The earliest proposed start to the Anthropocene is 50,000 years ago, coinciding with megafauna extinctions, and global human colonisation. The megafauna extinction event saw the loss of many large mammals, as described by the Australian Museum. Robin McKie, science editor for The Guardian, argued in 'What killed off the giant beasts - climate change or man?', 2014, that these extinctions resulted from contributing factors of climate and human activity, at the end of the last ice age. Human hunting of these giant mammals is therefore one of the first anthropogenic impacts on biodiversity on Earth leading to changes in our geology.
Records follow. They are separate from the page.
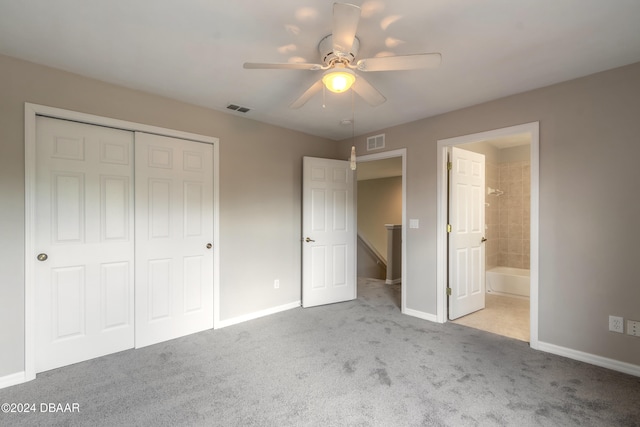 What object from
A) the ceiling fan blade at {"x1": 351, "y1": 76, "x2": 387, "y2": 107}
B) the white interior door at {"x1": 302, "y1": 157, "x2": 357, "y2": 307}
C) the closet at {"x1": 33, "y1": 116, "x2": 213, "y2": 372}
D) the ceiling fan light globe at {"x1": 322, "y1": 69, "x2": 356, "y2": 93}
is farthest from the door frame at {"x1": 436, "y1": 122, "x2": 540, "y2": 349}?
the closet at {"x1": 33, "y1": 116, "x2": 213, "y2": 372}

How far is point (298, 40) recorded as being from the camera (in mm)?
1943

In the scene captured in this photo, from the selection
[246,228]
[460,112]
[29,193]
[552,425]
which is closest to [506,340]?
[552,425]

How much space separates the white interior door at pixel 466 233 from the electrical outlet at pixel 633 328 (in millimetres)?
1425

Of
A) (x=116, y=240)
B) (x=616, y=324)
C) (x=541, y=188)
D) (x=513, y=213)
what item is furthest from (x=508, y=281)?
(x=116, y=240)

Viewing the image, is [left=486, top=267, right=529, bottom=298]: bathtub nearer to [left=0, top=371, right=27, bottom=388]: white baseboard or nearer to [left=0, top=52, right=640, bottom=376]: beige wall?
[left=0, top=52, right=640, bottom=376]: beige wall

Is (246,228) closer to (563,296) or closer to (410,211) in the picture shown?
(410,211)

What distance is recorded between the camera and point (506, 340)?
289 centimetres

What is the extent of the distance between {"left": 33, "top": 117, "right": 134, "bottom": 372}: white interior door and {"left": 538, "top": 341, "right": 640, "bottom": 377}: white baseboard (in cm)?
382

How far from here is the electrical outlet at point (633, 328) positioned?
2.25 metres

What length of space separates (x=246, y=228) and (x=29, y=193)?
186cm

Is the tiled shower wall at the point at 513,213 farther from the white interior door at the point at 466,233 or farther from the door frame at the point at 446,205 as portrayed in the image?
the door frame at the point at 446,205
Erle Ellis argues that the Anthropocene starts later than this. By 8,000 years ago, with only 'a population of just 10 million or so' the use of agriculture and fire to clear forests had 'altered as much as a fifth of Earth's ice-free land' (Forget Mother Nature: this is a world of our making, 2011). Early farmers without means to plough their land had to move on frequently to more fertile fields, leaving previously cultivated areas in various stages of recovery. This activity created the first 'anthromes' or anthropogenic biomes. By the industrial revolution 'more than half of the terrestrial biosphere had been converted into anthromes', so our impact had already been made on the atmosphere and soil sediments. Today around 38% of terrestrial land is used for farming (Age of man). Similarly, in William Ruddimans' opinion, the early use of agriculture released enough Co2 to prevent another ice age, meaning humans have been the greatest geological force on Earth since the start of the Holocene. Both Ellis and Ruddiman would place the golden spike of the Anthropocene at the dawn of agriculture, potentially replacing the Holocene altogether.
On the other Hand, Paul Crutzen argues in his work The Anthropocene, 2006, that the European industrial revolution marks the significant turning point in human impacts on Earth, 'coinciding with James Watt's design of the steam engine in 1784'. Since the industrial revolution, the burning of fossil fuels and release of Co2 have been represented in ice cores as an 'uninterrupted rise' of carbon dioxide levels. Based on atmospheric composition, the 18th century could mark the greatest change in geology and be seen as the start of the Anthropocene.
The International Union of Geological Sciences will have the final say, who will aim to decide by 2016 whether the Anthropocene will replace the Holocene.